'Scandal' of the unfinished £3m Northern line extension from Finsbury Park
PUBLISHED: 09:26 18 February 2017 | UPDATED: 14:41 21 February 2017
© Nigel Sutton email firstname.lastname@example.org
Abandoning a major rail project after spending £3m would be a disaster today, let alone the '50s. The Gazette finds how a Finsbury Park Tube extension failed.
Can you imagine the outrage if Transport for London (TfL) carried out £75million of Tube extension work, with all the infrastructure in place, before deciding to sack it off halfway through?
Well, this is exactly what happened in the mid-20th century (under London Transport, TfL’s predecessor).
In the late 1930s, London Transport began work to electrify branch lines from Finsbury Park to Highgate and Alexandra Palace. It would have become part of the Underground’s Northern line.
But by 1954, the project was abandoned. About £3million had been spent. According to the Bank of England’s inflation calculator, that’s the equivalent of £75m in today’s terms.
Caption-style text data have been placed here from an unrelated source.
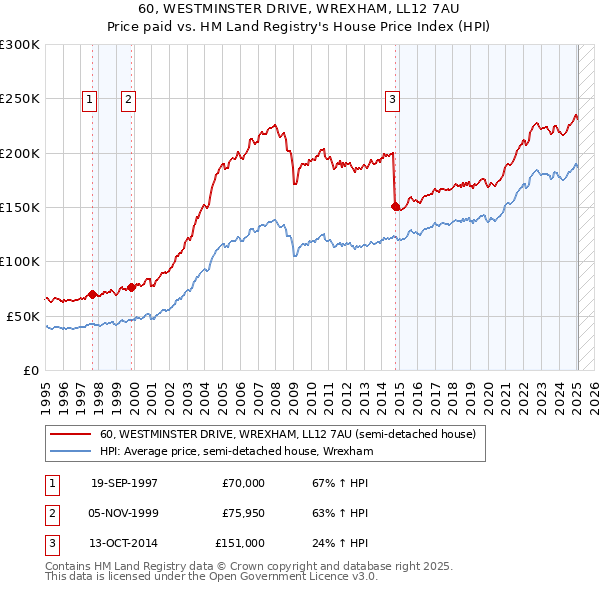 60, WESTMINSTER DRIVE, WREXHAM, LL12 7AU: Price paid vs HM Land Registry's House Price Index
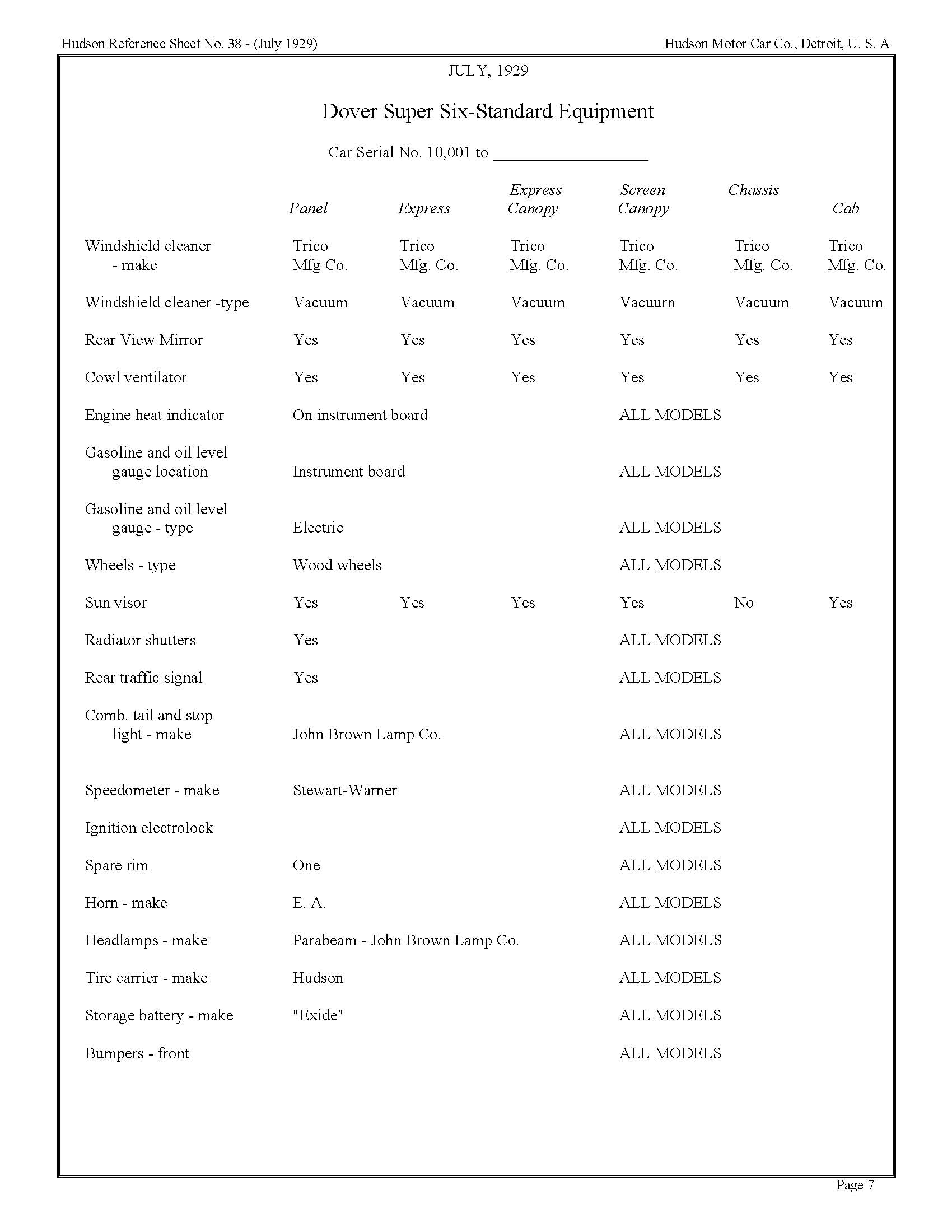 1929 Dover Mechanical Specs-07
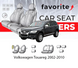 Чохли модельні Volkswagen Touareg 2002-2010 FAVVW40 фото 1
Author and transport historian Jim Blake called it a “scandal” in his 1993 book, Northern Wastes, about the unfinished project.
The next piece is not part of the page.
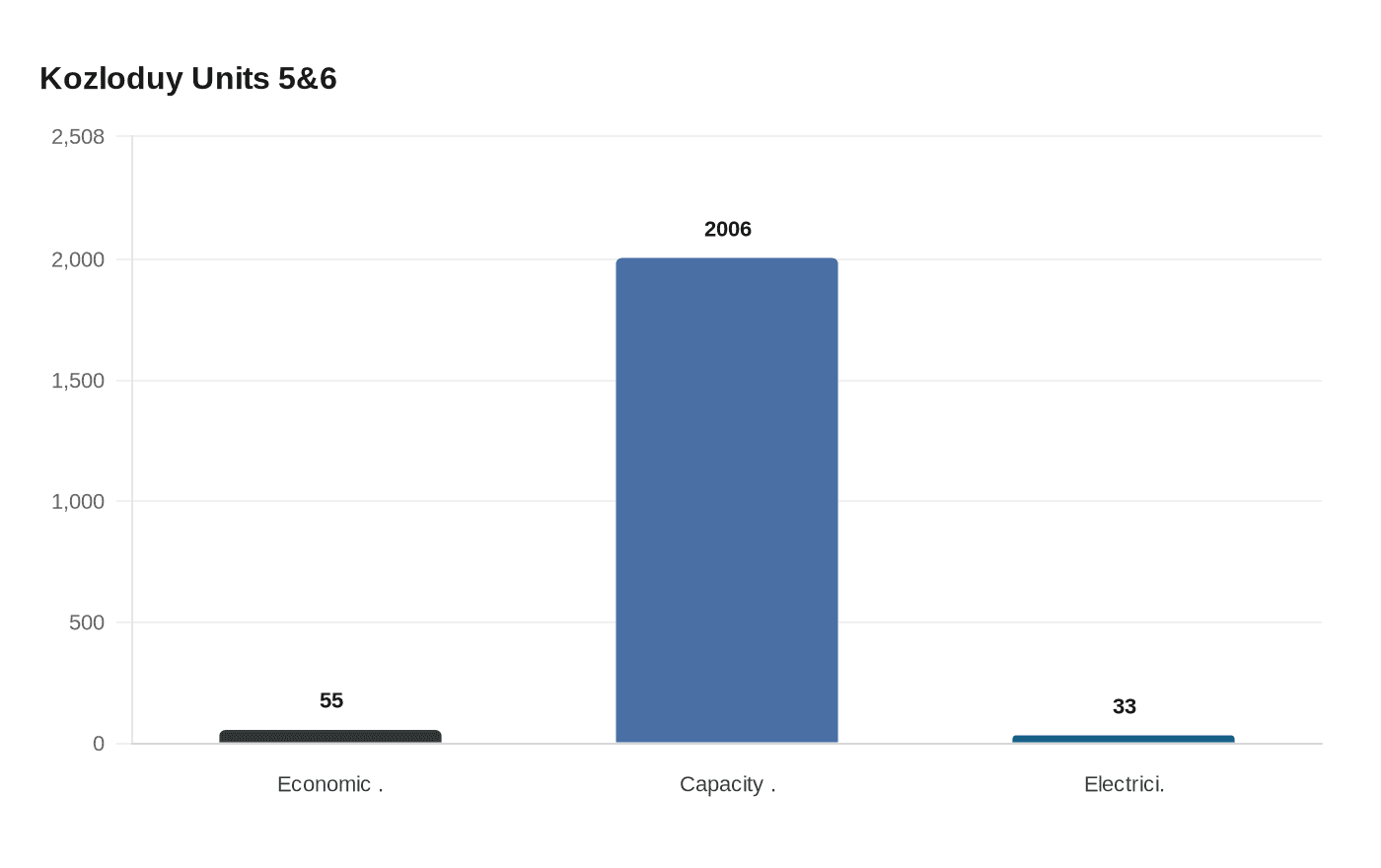 Data visualization chart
It’s a subject that still causes a stir. Last Wednesday, Jim gave a talk to Islington Archaeology and History Society in the town hall.
And in July, he will lead an all-day history tour spanning the forgotten line from Finsbury Park to Alexandra Palace.
“I think it still resonates today,” explains Jim, “because it was a loss of a vital connection – a connection that was never used for its intended purpose.”
Planners launched the scheme 82 years ago, in 1935.
Jim continues: “The New Works Programme was announced by London Transport to alleviate high unemployment and improve public transport.
“Work to electrify the lines was very much advanced, but was postponed during the Second World War.
“Official history tries to tell you all work stopped during the war, but they actually got as far as rebuilding the new station at Highgate in 1941.”
London Transport intended to complete the work between 1948 and 1950. But the aftermath of the war prevented this.
“There was a real shortage of money,” says Jim, “and rebuilding homes destroyed by bombing was the obvious priority.
“Over and over again, London Transport kept on putting the work back, and finally it was abandoned in 1954. It meant £3m was wasted including new bridges, viaducts, signalboxes and electricity substations.”
Funds had been directed towards completing the eastern extension of the Central line, instead. And Jim says the implications remain in Islington to this day.
“If it had been completed, it would have alleviated the dreadful traffic in Stroud Green Road, for a start.
“And for people who live in north London and work in the City, it would relieve congestion on the Northern line with a quicker route.”
Jim, who lives in Enfield, has published numerous transport books, many of which are available at London Transport Museum in Covent Garden. Not Northern Wastes, though.
“They don’t like this subject being brought up,” he admitted. “They stopped selling this particular book in the museum!”